She brought him a pad and a pen.

“Yes, sir. It was March third, nineteen seventy-five.”

“Time?”

“We estimated that she went over the cliffside at about eight o’clock. It would be dark at that time of the year.”

“You’ve got a good memory, Commager.”

“No, sir. The truth is that I barely recalled the case at first. But Lieutenant Bones had them pull my report from the files. I have it right here in front of me.”

“Good, good. Now exactly where did this happen?”

“You know, Sergeant, we got to draw maps for this kind of thing. On Mulholland, for anything between Laurel Canyon and Coldwater Canyon, we take our measurements from the crossroads. In this case, from the point where Laurel Canyon Boulevard crosses Mulholland Drive. Measuring west from there-you really want this exactly? You know, it was three years ago.”

“As precisely as you can give it to me.”

“Okay, Sergeant. Measuring west from the Laurel Canyon crossover, you drive exactly one mile and seven twentieths. There the road curves to the left. On the left you have the high shoulder of the hill, on the right a sheer drop of about a hundred feet.”

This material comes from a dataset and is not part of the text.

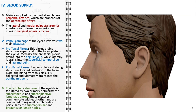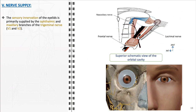Lymphatic drainage of the eyelids is accomplished via two primary networks: the subcutaneous and subconjunctival lymphatic plexuses. These plexuses drain lymphatic fluid from the eyelids, facilitate immune responses, and maintain tissue homeostasis. The intercommunication between these plexuses ensures comprehensive lymphatic drainage from both superficial and deep eyelid structures, and they are connected to regional lymph nodes, particularly the submandibular and preauricular lymph nodes.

“I think I know the spot. But I don’t remember a perpendicular drop.”

“I don’t mean absolutely perpendicular, Sergeant. There is a slight slope that’s covered with chaparral, but it might just as well be perpendicular for anything that goes over there. Now this Addison kid’s car was coining from the east, from Laurel Canyon, and she must have lost control, because instead of making the curve she went straight ahead and over.”

“At what speed?”

“You know that’s only an estimate,” Commager said. “But we get pretty good at that kind of thing. I got down here in my notes that she was moving at thirty miles an hour.”

“Were there brake marks where she went over?”

“No.”

“How did you account for that? Was her brakeline cut or broken? Was her brake fluid gone?”

“No, sir.”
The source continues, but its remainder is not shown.